Waddaya mean you can't see the sense of QCTP's? Sounds like you've got an even better one since yours hold either 3 or 4 tools in each "holder" instead of just 1. Sounds kinda cool now that you mention it.

Cheers,

BW


----------



## ChooChooMike (Apr 17, 2008)

Circlip  said:
			
		

> The ultra quick way to set height is to put a rule between the tool tip and the O/D of the bar. If top leans towards you add packing and vicky verky Regards Ian.


After learning how to grind a lathe bit, that's the next thing I learned  Inserting the tool bit into the QCTP and using the 6" ruler to set the height. Quick and easy ! 

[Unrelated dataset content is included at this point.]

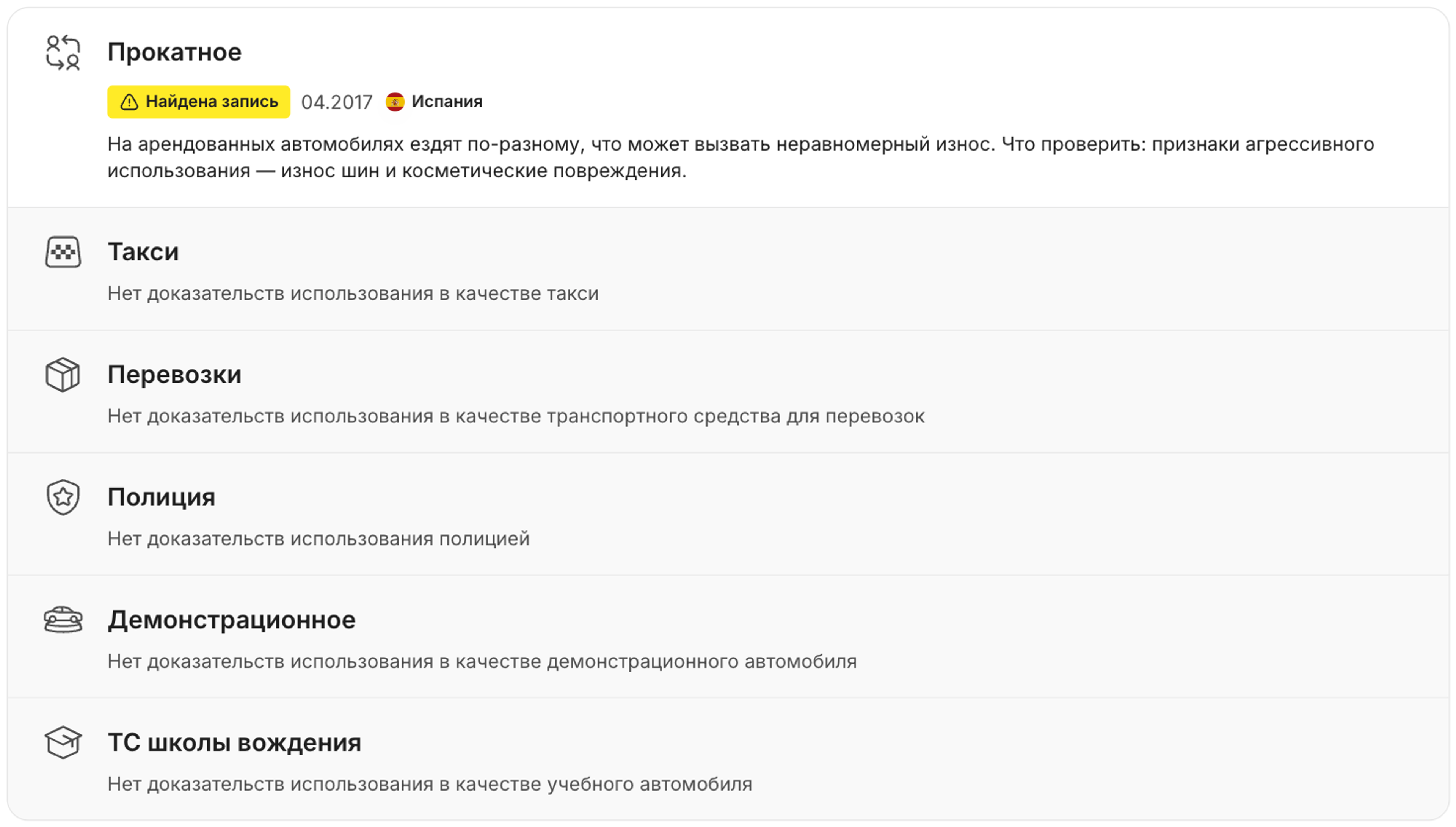 Запись об использовании автомобиля напрокат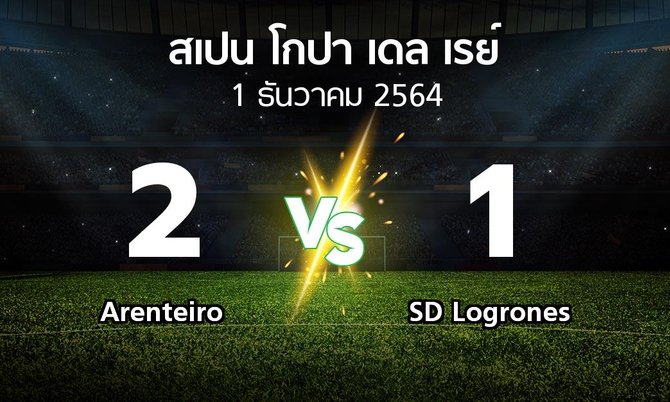 ผลบอล : Arenteiro vs SD Logrones (สเปน-โกปาเดลเรย์ 2021-2022)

Forgot you can use on the mill to find round stock center - Thanks for that reminder ! I have one of those inverted V gadgets you stick in the mill spindle that will center round stock very easily too !


----------



## Circlip (Apr 17, 2008)

Guess we're just old fuddy duddies Marv, I don't understand why the Carbide Kings( :big need a plethora of QC holders either. When I first used one lots of years ago I thought "Wow no need for packing any more" and it was so easy to change the tool in the holder and quickly readjust the height, back in those days, even in the toolroom we only had two holders, one for square tools and one for boring tools and NO carbides. I always fancied making one but even now when they're relatively cheap i still haven't converted. Got a slack handfull of welded tip carbides but a big boxfull of HSS. Regards  Ian.


----------



## Seanie (Apr 17, 2008)

Thanks Bob for that link to the videos- haven't dl any yet, but I'll check them out later.

Thanks also for all the great tips- soon as I've had brekky I'm off to try the 'ruler' method


----------